Given entries:
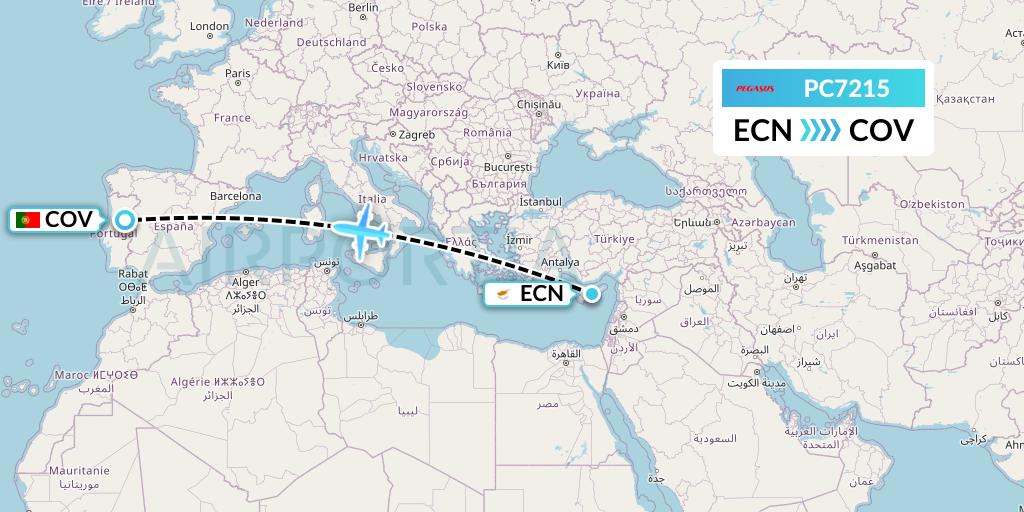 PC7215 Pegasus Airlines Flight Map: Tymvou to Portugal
* * *
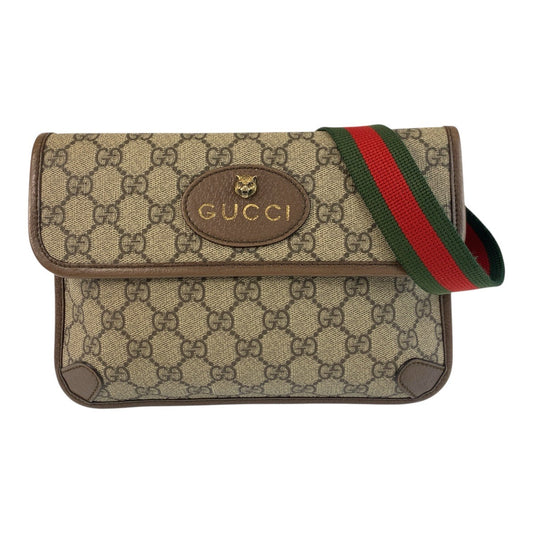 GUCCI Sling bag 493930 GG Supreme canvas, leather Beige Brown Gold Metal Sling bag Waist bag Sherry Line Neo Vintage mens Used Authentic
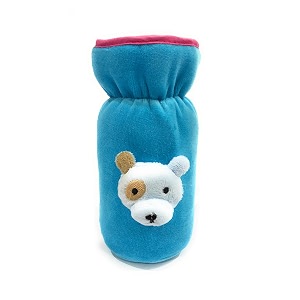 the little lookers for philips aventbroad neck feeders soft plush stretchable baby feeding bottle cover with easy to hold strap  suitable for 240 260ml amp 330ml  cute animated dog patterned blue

What is needed:
Within the listing above, write out the stretch from the line with "GUCCI Sling bag" through the line with "the little lookers" exactly. Any pictures are to be left out.

Completed exercise:
 GUCCI Sling bag 493930 GG Supreme canvas, leather Beige Brown Gold Metal Sling bag Waist bag Sherry Line Neo Vintage mens Used Authentic
 the little lookers for philips aventbroad neck feeders soft plush stretchable baby feeding bottle cover with easy to hold strap  suitable for 240 260ml amp 330ml  cute animated dog patterned blue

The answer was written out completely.